"Burası Türkiye" meselesi (1)
Kirvem,
Memleketimizin falanca köşesinden filanca bucağına kadar uzanan bilmem kaç kilometrekarelik sınırları dahilinde şimdilik yaklaşık seksen iki milyonluk nüfusumuzla yaşayıp giderken, zaman zaman çeşitli vesilelerle yüz yüze geldiğimiz veya ister istemez “müşerref” olduğumuz irili ufaklı kimi olaylar karşısında; önce şaşırıp, ardından da sanki bir nevi “milli refleks” babındaki klasik cümlemizi anında telaffuz edip böylece nasıl mı teselli buluyoruz?
Burası Türkiye!..
“Burası Türkiye” denen bu bizim diyarlarda gidişatımız hafif yollu sarpa sarıp elimizde olmadan bocaladığımızda, hemen hemen her defasında “kader”imize isyan edip, kem “talih”imize küsüyoruz ama, beri taraftan da ona, buna, ötekine berikine sitem etmekle işlerimizin yoluna girmediği gibi, tam aksine bazen hepten bozulduğunu görünce, bu kez de sinirimizden küplere biniyoruz...

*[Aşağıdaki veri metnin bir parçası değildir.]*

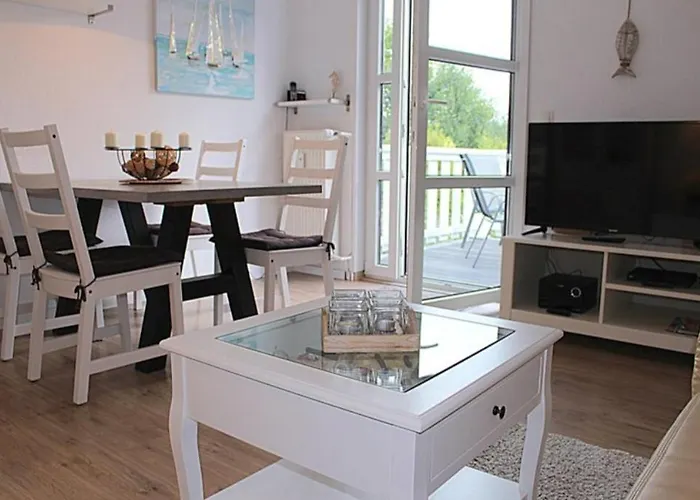 Appartement Apartmentvermittlung Mehr Als - Objekt 24 *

Mesela son günlerde yurdumuzun dahilinde anayasamız gereğince yerel yöneticilerimizi seçerken bu arada gelişen olaylara veya sandık başlarında dönüp duran hileli hurdalı, dalga dubaralı işlere baktığımızda; ne denli demokratik, laik bir hukuk devleti olduğumuzu bu vesileyle önce bizatihi kendimize, sonra da dosta düşmana mı kanıtladık, yoksa zırt pırt burun kıvırıp hesapça “muz cumhuriyeti” diye küçümsediğimiz kimi ülkelerin durumuna mı düştük acaba?..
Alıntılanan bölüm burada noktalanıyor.